*PROBLEM DESCRIPTION*:
Could you print exactly the lines of the listing below, starting at the line that has "HIYA Toys スカル クローラー 11cm 可動フィギュア EBG0431" and ending at the line that has "Red White Cosenza T-Shirt M/C", and only those lines?

*DATASET RECORDS*:

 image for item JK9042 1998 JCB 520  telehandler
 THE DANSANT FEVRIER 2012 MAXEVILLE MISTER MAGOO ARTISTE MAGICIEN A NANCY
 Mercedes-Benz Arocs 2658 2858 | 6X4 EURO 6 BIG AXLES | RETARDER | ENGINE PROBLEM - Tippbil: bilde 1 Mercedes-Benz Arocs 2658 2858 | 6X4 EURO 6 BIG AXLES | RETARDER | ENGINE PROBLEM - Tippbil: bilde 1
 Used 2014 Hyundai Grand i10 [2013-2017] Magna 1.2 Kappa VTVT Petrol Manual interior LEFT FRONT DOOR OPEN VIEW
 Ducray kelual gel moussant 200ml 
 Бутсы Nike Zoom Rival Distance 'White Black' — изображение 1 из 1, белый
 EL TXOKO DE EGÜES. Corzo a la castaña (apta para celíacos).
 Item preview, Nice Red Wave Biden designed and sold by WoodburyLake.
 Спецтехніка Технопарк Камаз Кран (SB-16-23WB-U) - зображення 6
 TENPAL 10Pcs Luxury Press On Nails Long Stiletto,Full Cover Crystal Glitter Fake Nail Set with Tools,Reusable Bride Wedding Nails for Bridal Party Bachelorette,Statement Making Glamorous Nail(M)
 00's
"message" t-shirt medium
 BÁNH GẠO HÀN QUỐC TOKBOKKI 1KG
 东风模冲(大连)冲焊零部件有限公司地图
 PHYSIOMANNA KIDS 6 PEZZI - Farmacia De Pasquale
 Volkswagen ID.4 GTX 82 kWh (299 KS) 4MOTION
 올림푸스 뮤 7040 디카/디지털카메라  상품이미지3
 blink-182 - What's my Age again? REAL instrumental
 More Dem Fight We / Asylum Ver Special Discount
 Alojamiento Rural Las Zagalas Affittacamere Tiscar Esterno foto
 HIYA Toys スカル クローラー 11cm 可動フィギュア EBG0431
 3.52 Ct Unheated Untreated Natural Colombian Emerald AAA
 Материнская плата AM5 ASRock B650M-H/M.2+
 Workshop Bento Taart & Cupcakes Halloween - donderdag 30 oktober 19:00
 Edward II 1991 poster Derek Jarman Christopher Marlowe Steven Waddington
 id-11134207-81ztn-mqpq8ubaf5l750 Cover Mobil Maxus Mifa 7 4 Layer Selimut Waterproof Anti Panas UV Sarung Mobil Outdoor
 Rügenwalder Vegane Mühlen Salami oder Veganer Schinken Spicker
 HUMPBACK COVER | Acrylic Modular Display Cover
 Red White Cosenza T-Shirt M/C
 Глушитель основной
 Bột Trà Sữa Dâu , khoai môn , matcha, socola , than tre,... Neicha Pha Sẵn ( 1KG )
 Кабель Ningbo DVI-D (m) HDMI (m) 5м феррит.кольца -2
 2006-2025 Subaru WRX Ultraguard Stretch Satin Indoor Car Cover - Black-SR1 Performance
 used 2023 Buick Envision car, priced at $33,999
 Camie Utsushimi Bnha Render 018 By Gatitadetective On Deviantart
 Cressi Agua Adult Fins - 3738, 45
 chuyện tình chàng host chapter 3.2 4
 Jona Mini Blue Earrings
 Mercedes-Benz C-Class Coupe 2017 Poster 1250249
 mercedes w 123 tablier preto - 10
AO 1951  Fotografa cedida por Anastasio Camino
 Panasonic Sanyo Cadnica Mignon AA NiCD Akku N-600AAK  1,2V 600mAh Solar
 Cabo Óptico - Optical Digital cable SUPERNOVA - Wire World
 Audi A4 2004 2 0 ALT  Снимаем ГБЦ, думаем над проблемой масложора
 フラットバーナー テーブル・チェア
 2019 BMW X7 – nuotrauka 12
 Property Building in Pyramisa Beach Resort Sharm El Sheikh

*ANSWER SPACE*:
 HIYA Toys スカル クローラー 11cm 可動フィギュア EBG0431
 3.52 Ct Unheated Untreated Natural Colombian Emerald AAA
 Материнская плата AM5 ASRock B650M-H/M.2+
 Workshop Bento Taart & Cupcakes Halloween - donderdag 30 oktober 19:00
 Edward II 1991 poster Derek Jarman Christopher Marlowe Steven Waddington
 id-11134207-81ztn-mqpq8ubaf5l750 Cover Mobil Maxus Mifa 7 4 Layer Selimut Waterproof Anti Panas UV Sarung Mobil Outdoor
 Rügenwalder Vegane Mühlen Salami oder Veganer Schinken Spicker
 HUMPBACK COVER | Acrylic Modular Display Cover
 Red White Cosenza T-Shirt M/C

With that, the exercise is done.